Though this technology has been around for several years, its adoption has been slow, which may be due to a lack of control and insight into the process.
“With growing research, advanced optics and the availability of high powered lasers achieving the correct parameter windows, the additive process is realising its potential,” Fitzpatrick explains: “This is particularly relevant for remanufacturing applications where old assets can be reinstated into service to last beyond original design life. In some instances, there is an opportunity to avoid unnecessary scrapping and increase performance to that greater than the original component. Overall, this will have a significant economic impact for oil and gas businesses.”
The AFRC is currently investigating deploying laser metal deposition for remanufacturing of aging assets, such as shafts, valves and pumps and as an alternative to traditional cladding of valves. A development process is initially undertaken so that porosity is mitigated and the correct parameter windows are identified to provide a quality output. This can then be tested and validated.
Building complete parts
There are other direct energy deposition technologies that could also have a big impact on the industry.
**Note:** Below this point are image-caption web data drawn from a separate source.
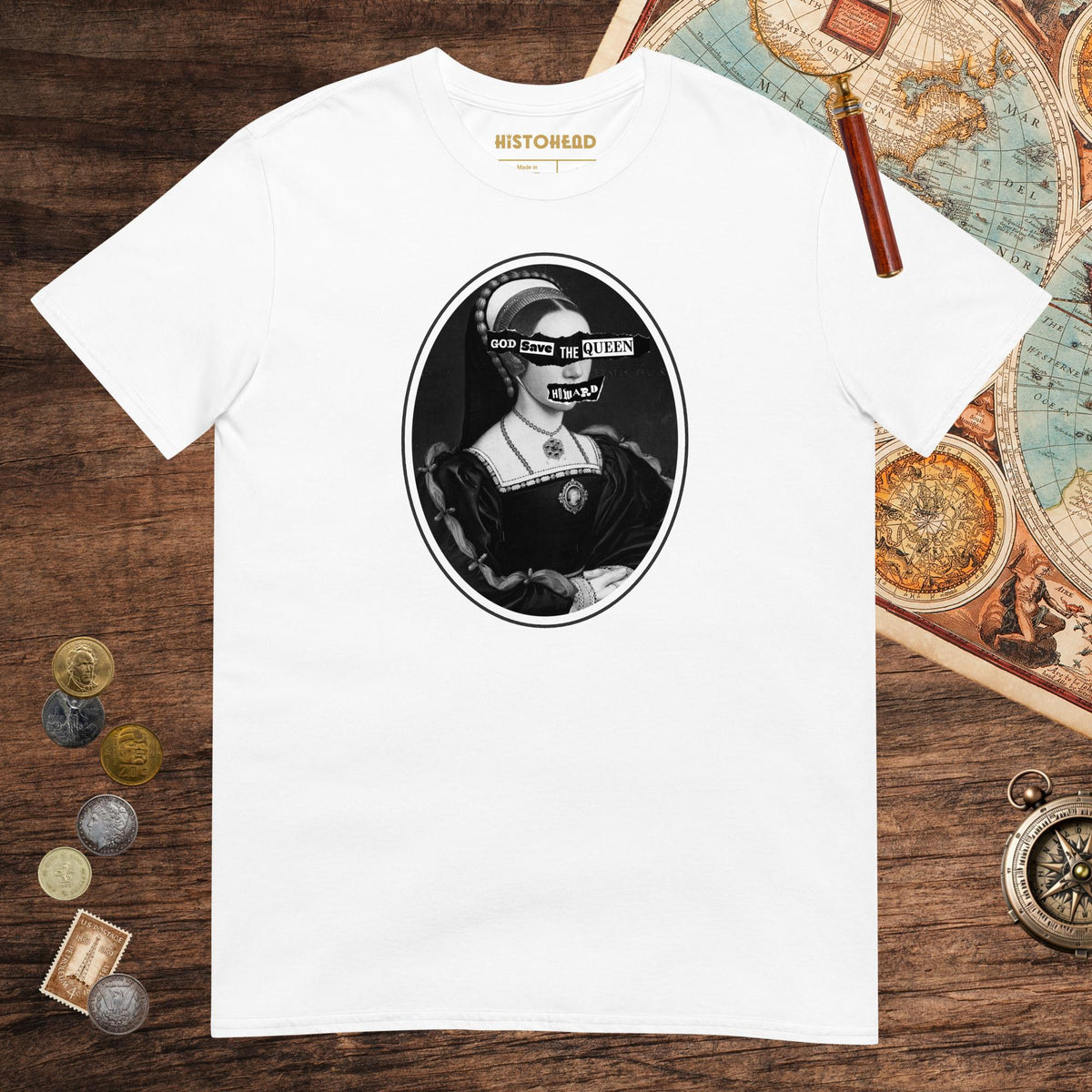 White God Save the Queen Catherine Howard Tee - history buff gift by HistoHead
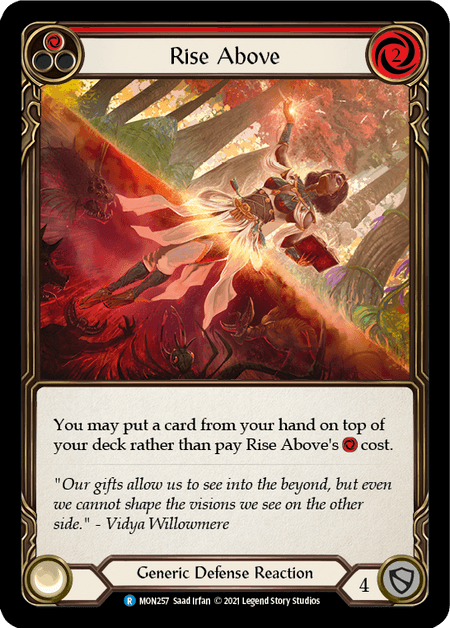 Rise Above (Red) — Monarch Flesh and Blood card by Saad Irfan
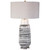 31.75" Ivory White and Gray Uttermost Magellan Table Lamp - IMAGE 1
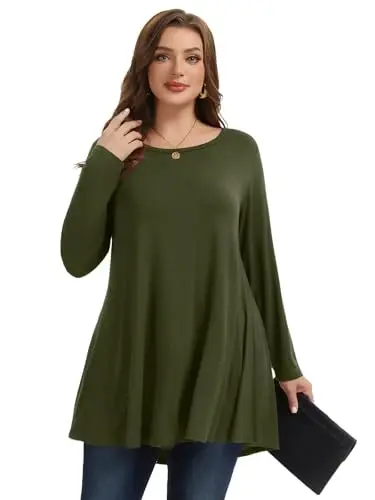 LARACE Plus Size Tunic Tops Long Sleeve Shirts for Women Swing Flowy Loose Fit Clothes for Leggings - 11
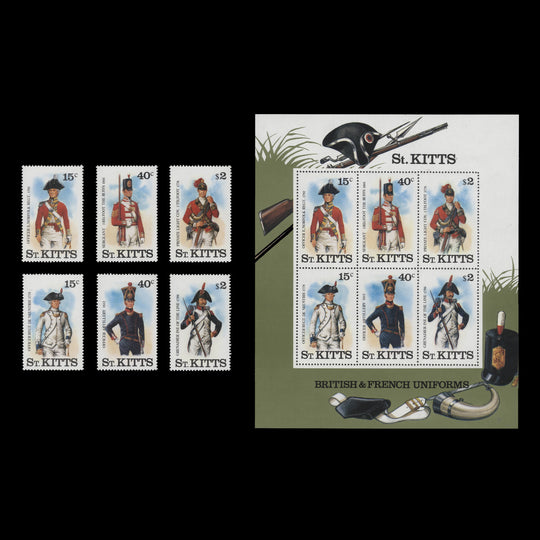 Saint Kitts 1987 (MNH) Military Uniforms set and miniature sheet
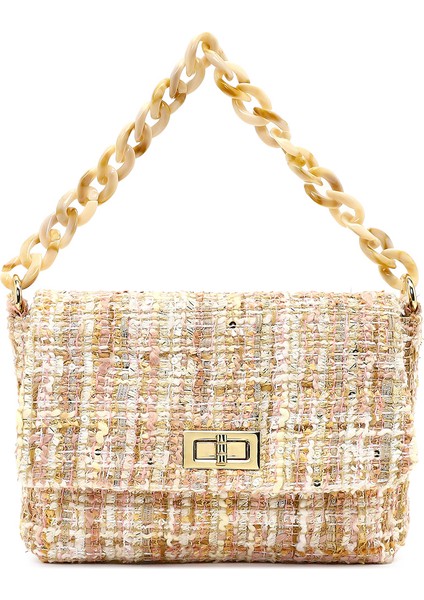 Kadın Pembe Uzun Askılı Desenli Kumaş Çapraz Çanta 25SBD23726F fırsatları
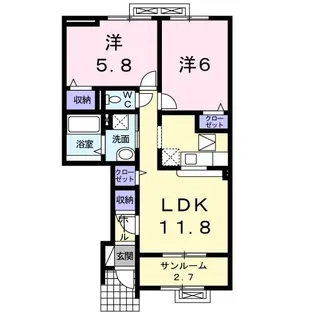 イースト・デュオII【1階】の間取り
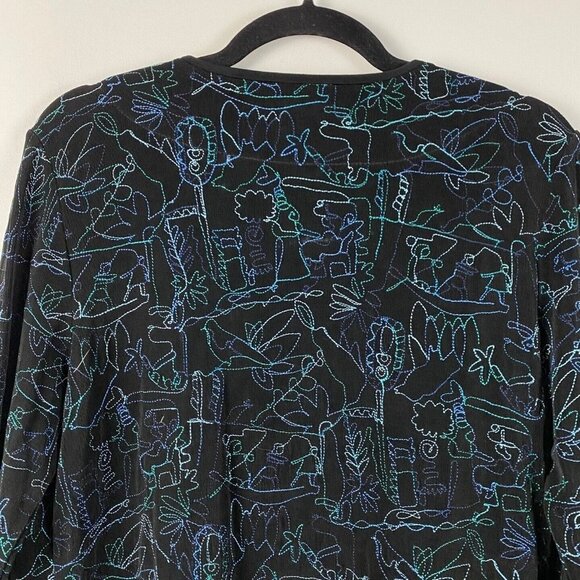 Chicos Travelers Cardigan Jacket Womens 0 US Small Embroidered Open Slinky Knit - Picture 6 of 8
“A lot of oil and gas companies are also looking at wire arc additive manufacturing to start building complete parts,” says Fitzpatrick. “This method allows you to build a component from nothing to a near net shape state. Again, this isn’t a new process. It makes use of traditional gas metal arc welding techniques to build large structures, and offers the potential of improved material utilisation, extremely short lead times and overall cost reduction.”
The potential of offshore 3D printing
Additive layer manufacturing, a form of 3D printing, also offers significant opportunities. The use of powder bed fusion additive processes to manufacture spares for instance, is likely to increase, helping to save costs from not having to carry inventory. Other benefits include being able to rapidly produce complex prototype geometries and the consolidation of various parts into a single manufactured component bespoke to requirements, that may be difficult, if not impossible, to make using standard manufacturing techniques.
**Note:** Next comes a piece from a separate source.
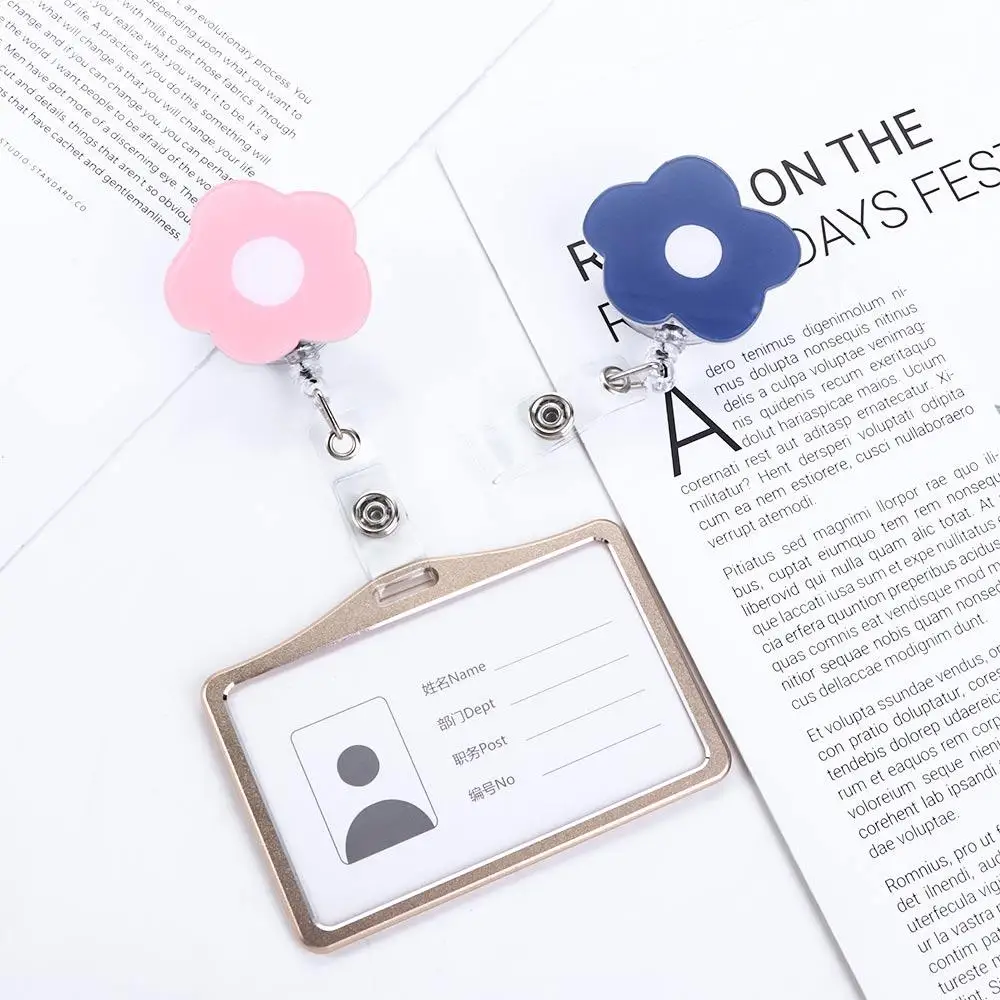 Korea Flowers Student Nurse Doctor Reel Clip Acrylic ID Card Clips Retractable Badge Reel Badge Holder Name Card Holder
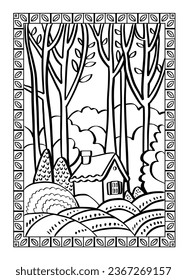 Coloring book with fairy forest and cottege, wooden house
As manufacturing needs not be constrained to a complex fabrication facility, further reaching benefits for the oil and gas industry also include reduced supply chain as well as the future potential to produce parts quickly, when required, on an offshore asset, which could reduce the risk and costs of downtime.
Additive manufacturing and composite material systems will undoubtedly continue to replace many of the traditional uses of formed metallic parts and materials in the oil and gas industry. However, there are still an important set of conditions when forged and formed components are unquestionably the right answer – both economically and technically – to a particular design or manufacture challenge.
Research carried out by the AFRC has shown that additive manufacturing can offer opportunities to improve existing routes of material production or even to replace some of them. However, further research is needed to fully understand the influence of different process parameters on microstructure and properties of the final product.